▶ [What is needed]:
Print the records below exactly, from the line containing "May include: White" down to the line containing "Il Pakistan bandiera", both lines included, and omit every picture.

[The data — start]

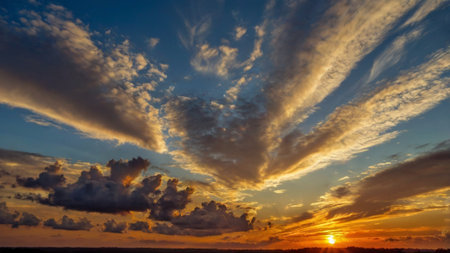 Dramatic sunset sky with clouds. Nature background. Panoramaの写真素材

[The data — finish]
[The data — start]

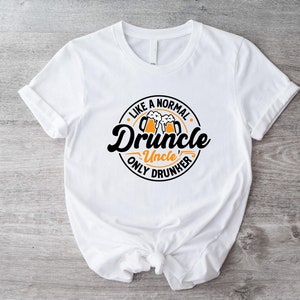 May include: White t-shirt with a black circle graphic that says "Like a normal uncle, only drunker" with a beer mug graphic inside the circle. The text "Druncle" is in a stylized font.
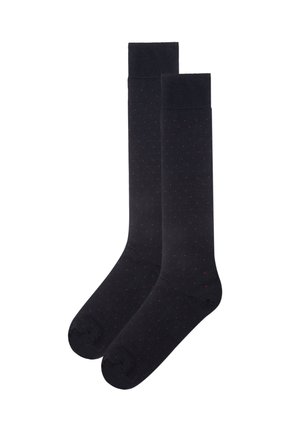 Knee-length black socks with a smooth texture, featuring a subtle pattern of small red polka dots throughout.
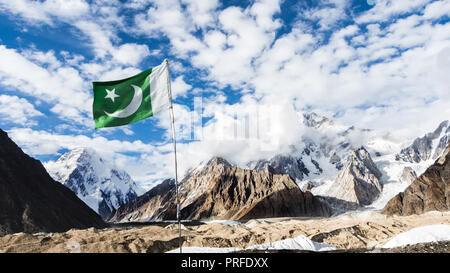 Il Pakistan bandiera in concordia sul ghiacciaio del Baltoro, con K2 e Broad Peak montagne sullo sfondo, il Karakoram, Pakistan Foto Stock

[The data — finish]

▶ [Result for this exercise]:
 May include: White t-shirt with a black circle graphic that says "Like a normal uncle, only drunker" with a beer mug graphic inside the circle. The text "Druncle" is in a stylized font.
 Knee-length black socks with a smooth texture, featuring a subtle pattern of small red polka dots throughout.
 Il Pakistan bandiera in concordia sul ghiacciaio del Baltoro, con K2 e Broad Peak montagne sullo sfondo, il Karakoram, Pakistan Foto Stock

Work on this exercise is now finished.